Acute Myeloid Leukemia (AML) is more common among patients over the age of 60, who also historically have a poorer prognosis. It is unclear which patients will benefit most from intensive chemotherapy; prognostic factors have been identified to risk-stratify these patients, but tend to consider characteristics specific to the disease such as cytogenetics [Lancet 2010; 376: 2000–08], and may not account for patient comorbidities that preceded the diagnosis of AML. Increased body mass index (BMI) has been associated with an increased incidence of various malignancies, including AML [The Oncologist 2010; 15: 1083–1101], and is increasingly prevalent among the general population.
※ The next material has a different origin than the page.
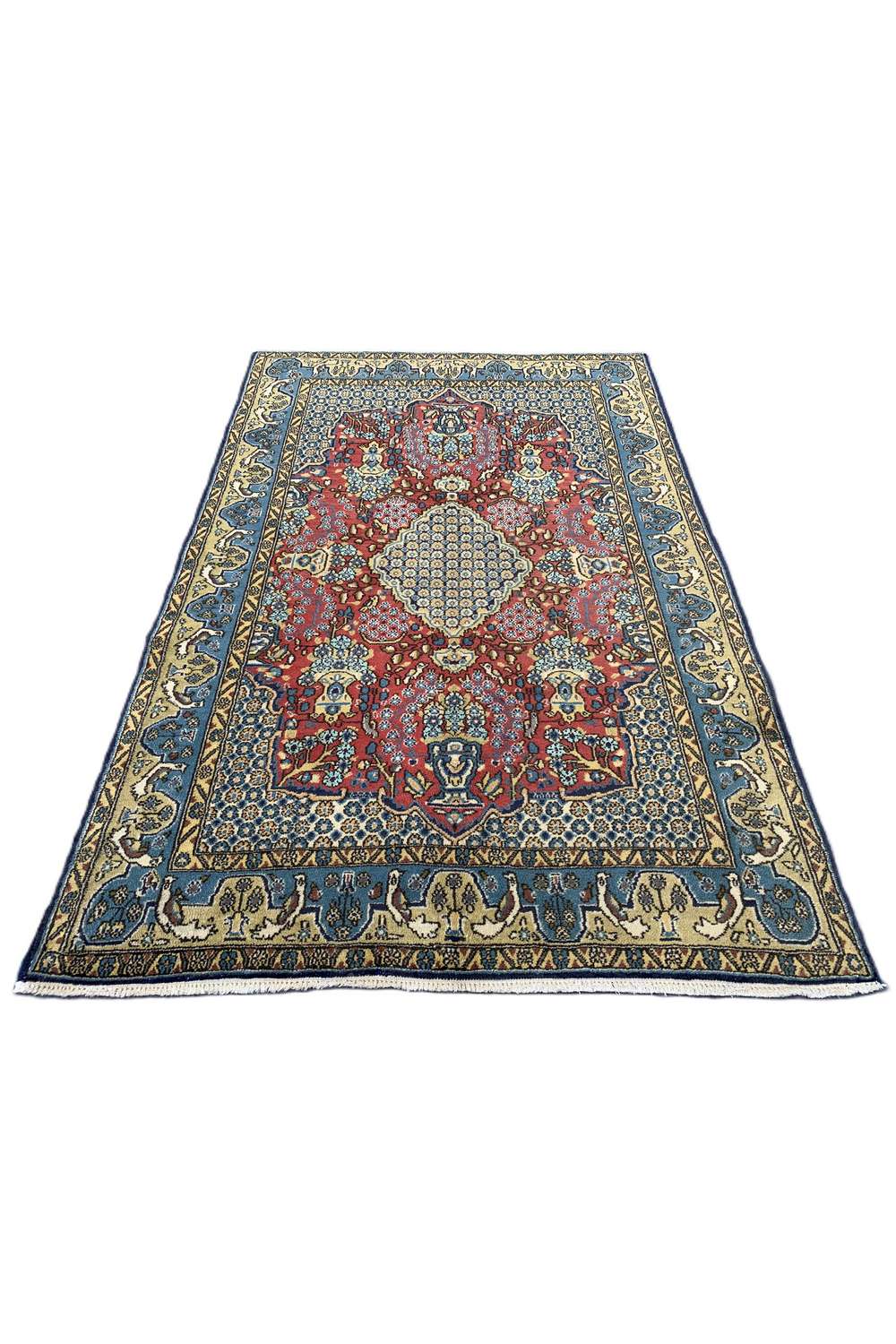 Amazing Hand Knotted Vintage Persian Kashmaar Wool Area Rug 5.3 x 3.6 Ft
We sought to determine whether patient BMI at time of AML diagnosis is related to overall survival among patients older than age 60.
We performed a retrospective chart review of all patients diagnosed at Massachusetts General Hospital with records available in the electronic medical record between January 1, 1992 and May 1, 2011. Patients were identified using billing codes and pathology records and underwent chart review to confirm a diagnosis of AML. Patients were included in this review if they had a pathologically-confirmed new diagnosis of AML, were older than age 60 at the time of diagnosis, and were given cytarabine-based induction chemotherapy. We collected past medical history, presenting labs, patient cytopathology, weight, and height at diagnosis. Overall survival (OS) was estimated using the Kaplan-Meier method, with 95% confidence intervals calculated using Greenwood's formula. We then performed a stepwise multivariable Cox regression analysis, pre-specifying that a variable had to be significant at the 0.3 level before it could be entered into the model, while a variable in the model had to be significant at the 0.05 level for it to remain in the model.
We identified 152 patients with AML diagnosed after the age of 60. The median age was 68 years (range 60–87); 54% of patients were male, and 86% were white. Patient disease was identified as de novo in 50%, and secondary in 50%. Cytogenetics, when available (86.2% of patients), were most commonly normal (37.5%) or poor risk (34.2%); only 1.3% of patients were good risk. The median OS for all patients was 269 days (95% CI 217–323). The 60 day OS for all patients was 83% (95% CI 77–89%). Using the log-rank test to perform a univariate analysis, worsened OS was associated with increased age (P=0.024); body mass index (BMI) < 27, the median BMI in our cohort, (P=0.011); presence of coronary artery disease (CAD) (P=0.042); and with cytogenetics (P=0.013). The multivariable analysis of the Cox proportional-hazards model found that the hazard rate for death was increased with older age (HR 1.53, P=0.027, 95% CI 1.05–2.24), lower BMI < 27 (HR 1.93, P=0.002, 95% CI 1.28–2.92) and cytogenetics (P<0.05). After multivariable analysis we did not find a significant association between OS and CAD, diabetes, gender, race, de novo vs. secondary disease, or presenting hematocrit, sodium, or total bilirubin.
Patients over the age of 60 with a new diagnosis of AML carry a poor prognosis; comorbid disease at the time of presentation may assist a clinician in risk stratification of this age group. Intriguingly, BMI greater than or equal to 27 was associated with improved OS among patients older than 60 treated at our institution. Additional studies will be necessary to determine the causal factors of worse survival in patients older than age 60 who have normal BMI compared to obese patients and to identify approaches that will ameliorate these poorer outcomes in this population.
No relevant conflicts of interest to declare.